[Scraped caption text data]

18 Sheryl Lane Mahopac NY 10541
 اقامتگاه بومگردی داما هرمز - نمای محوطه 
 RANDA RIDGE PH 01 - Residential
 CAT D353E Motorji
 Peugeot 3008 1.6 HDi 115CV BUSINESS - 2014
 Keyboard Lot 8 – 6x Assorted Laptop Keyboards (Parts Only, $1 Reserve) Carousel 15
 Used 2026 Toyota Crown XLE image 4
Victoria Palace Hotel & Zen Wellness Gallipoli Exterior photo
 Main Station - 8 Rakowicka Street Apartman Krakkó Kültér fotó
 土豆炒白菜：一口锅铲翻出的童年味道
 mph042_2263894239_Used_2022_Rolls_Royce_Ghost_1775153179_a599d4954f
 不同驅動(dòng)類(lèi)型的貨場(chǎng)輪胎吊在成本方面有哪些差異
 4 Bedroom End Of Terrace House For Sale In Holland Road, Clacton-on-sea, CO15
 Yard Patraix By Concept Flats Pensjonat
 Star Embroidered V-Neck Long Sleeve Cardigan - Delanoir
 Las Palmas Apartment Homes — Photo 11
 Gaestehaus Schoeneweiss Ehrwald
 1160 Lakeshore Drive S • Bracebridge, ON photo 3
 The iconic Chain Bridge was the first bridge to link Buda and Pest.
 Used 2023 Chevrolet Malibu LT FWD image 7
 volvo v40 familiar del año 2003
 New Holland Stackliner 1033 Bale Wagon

# Instructions for the task
Reprint exactly the lines above that start at the one with "4 Bedroom End" and end at the one with "1160 Lakeshore Drive", keeping both and adding none.

# Exercise response
 4 Bedroom End Of Terrace House For Sale In Holland Road, Clacton-on-sea, CO15
 Yard Patraix By Concept Flats Pensjonat
 Star Embroidered V-Neck Long Sleeve Cardigan - Delanoir
 Las Palmas Apartment Homes — Photo 11
 Gaestehaus Schoeneweiss Ehrwald
 1160 Lakeshore Drive S • Bracebridge, ON photo 3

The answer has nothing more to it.